We have a state religion here in Canada? I did not know that. ;-)
OK, I was working from conversations with people who were discussing fighting antievolution in Canada when I made the statement about a state religion there. It was one of the few things in the essay I didn’t check. Looking now, though, it appears that a distinction between the USA and Canada is the lack of a constitutional provision in Canada to separate church and state, so I have altered that sentence to reflect that. Ignorance is curable…
Wesley R. Elsberry: “Sorry, Melanie, but it is you who is demonstrating ignorance here.”
[It is important to note that my comments below, like the Wesley R. Elsberry quote above, are in response to the preceding posted excerpt.]
I must agree with Elsberry on this one. Melanie is demonstrating ignorance. But I will go much further: she is demonstrating jaw dropping ignorance. Consider this kind, Melanie, because the only other option (deliberate misrepresentation) makes you wicked and “I would rather not consider that.”
Ray Martinez, Protestant Evangelical, Old Earth-Young Biosphere Creationist-species immutabilist, Paleyan Designist.
It appears Phillips does not understand science.
Or evolution.
Or Intelligent Design.
Or Creationism.
Does she gets paid to write about all of these?
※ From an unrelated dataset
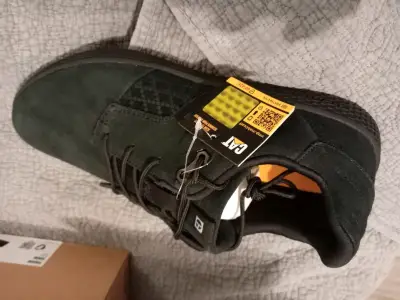 Zapatillas Cat modelo Pause black - US 10.5 - miniatura 1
Perhaps the most important point about distancing “Intelligent Design” from “Creationism” is that it demonstrates that there is no positive, substantive content to ID. At least “Young Earth Creationism” takes a “risky” stand on Who the “designer” is, and When the “design” took place. Creationism, from its beginnings, has always been dogged with the problem of “What is the theory of Creationism?” ID takes this avoidance to an extreme: What happened (or happens), what results and what does not? Why or How or Where?
I’d also suggest that narrowing the word “creationism” to the variety known as “Young Earth Creationism” does not recognize the wide variety of anti-evolutionary beliefs. Historically, YEC was an insignificant fraction of anti-evolutionism up until about 1960. And even today, as Ray Martinez’s self-description gives an indication, there is a wide variety of anti-evolutionism.
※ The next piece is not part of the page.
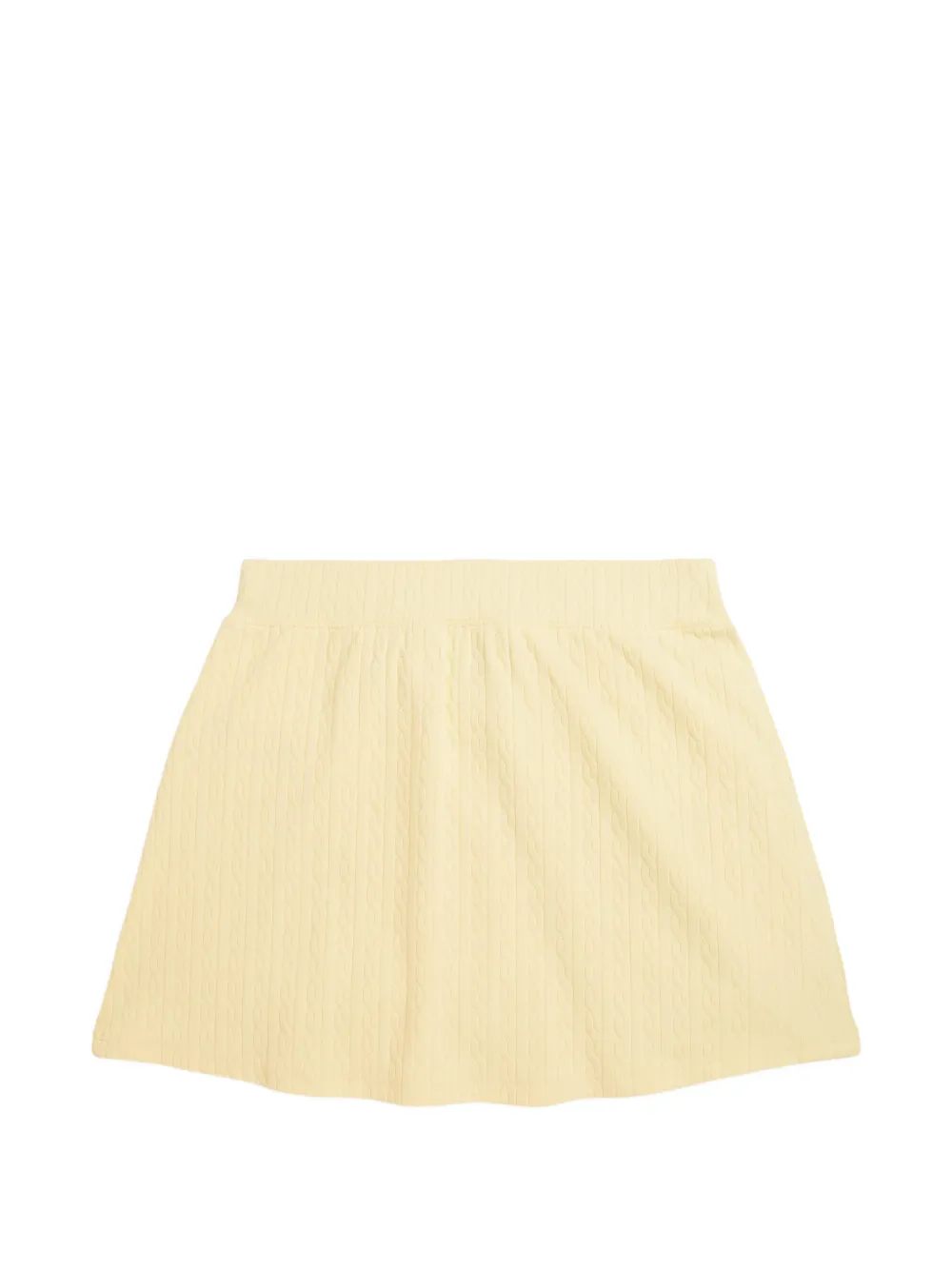 Mini-Cable Swim Skirt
It would be “interesting” to hear of the advocates of ID making it quite clear to the public that they think that YEC is “totally off the wall”. Does the DI have some tendency to distance themselves from “off the wall” people? Do advocates of ID hasten to correct anti-evolutionary statements which associate “intelligent design” with “off the wall” beliefs which many Americans think of as being “Biblical”?